▶ _Exercise_:
Return nothing but the lines from the one with "Autel MX-Sensor 315MHz+433MHz" through the one with "Emulate iPhone app" in the data below, word for word and without pictures.

▶ _Listed entries_:
-------------------------
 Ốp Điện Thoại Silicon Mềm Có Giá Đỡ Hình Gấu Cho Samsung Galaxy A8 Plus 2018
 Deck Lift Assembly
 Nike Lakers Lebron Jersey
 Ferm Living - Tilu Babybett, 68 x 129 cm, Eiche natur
-------------------------
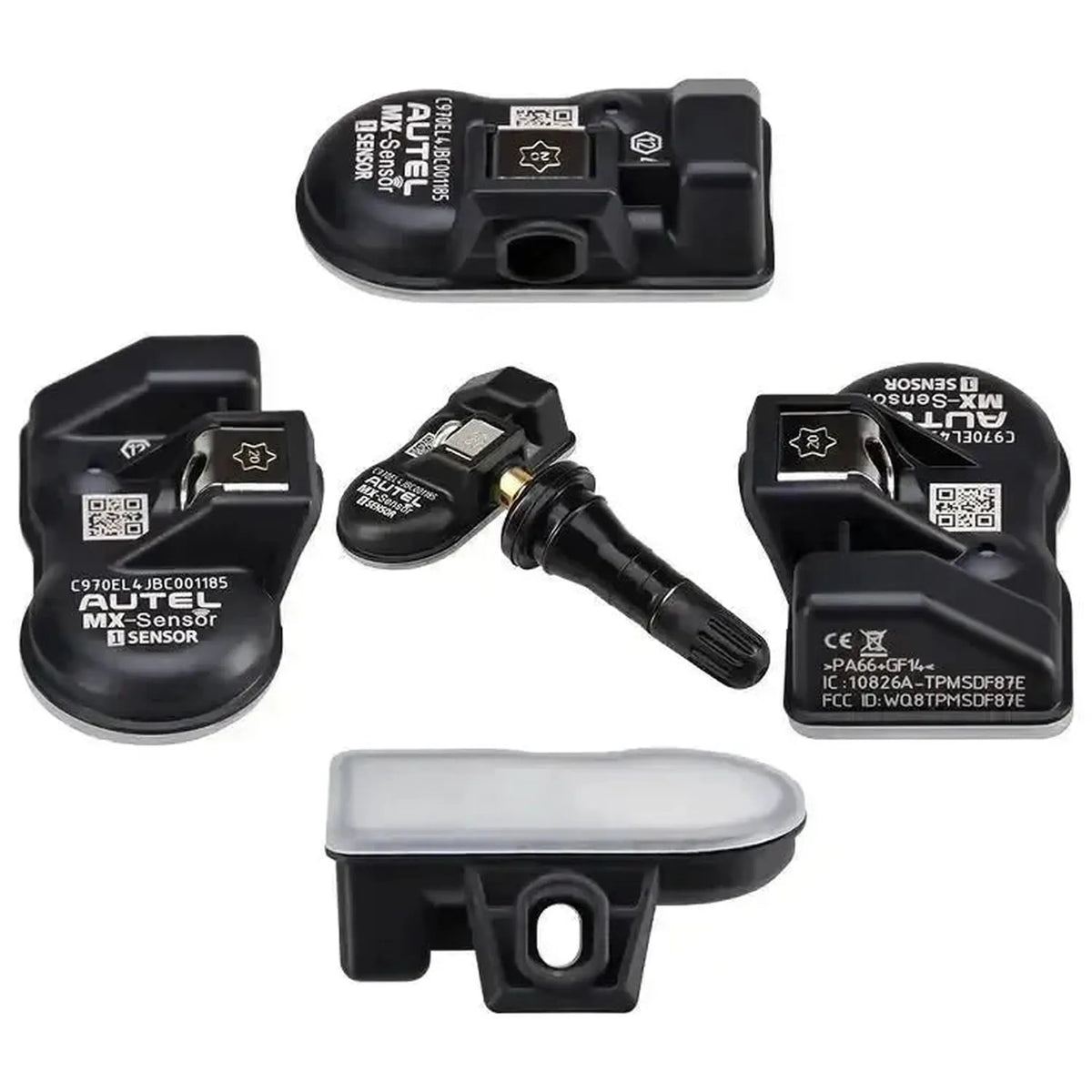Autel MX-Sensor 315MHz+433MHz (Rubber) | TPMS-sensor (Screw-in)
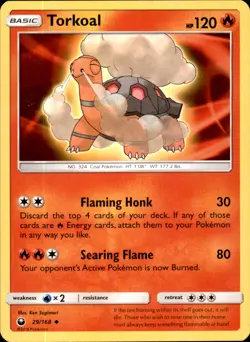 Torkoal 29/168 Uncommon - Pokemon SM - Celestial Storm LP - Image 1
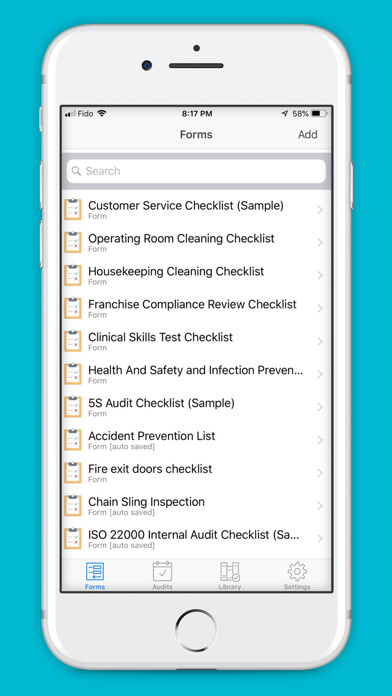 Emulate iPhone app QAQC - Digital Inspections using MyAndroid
-------------------------
▶ _Result of this task_:
Autel MX-Sensor 315MHz+433MHz (Rubber) | TPMS-sensor (Screw-in)
 Torkoal 29/168 Uncommon - Pokemon SM - Celestial Storm LP - Image 1
 Emulate iPhone app QAQC - Digital Inspections using MyAndroid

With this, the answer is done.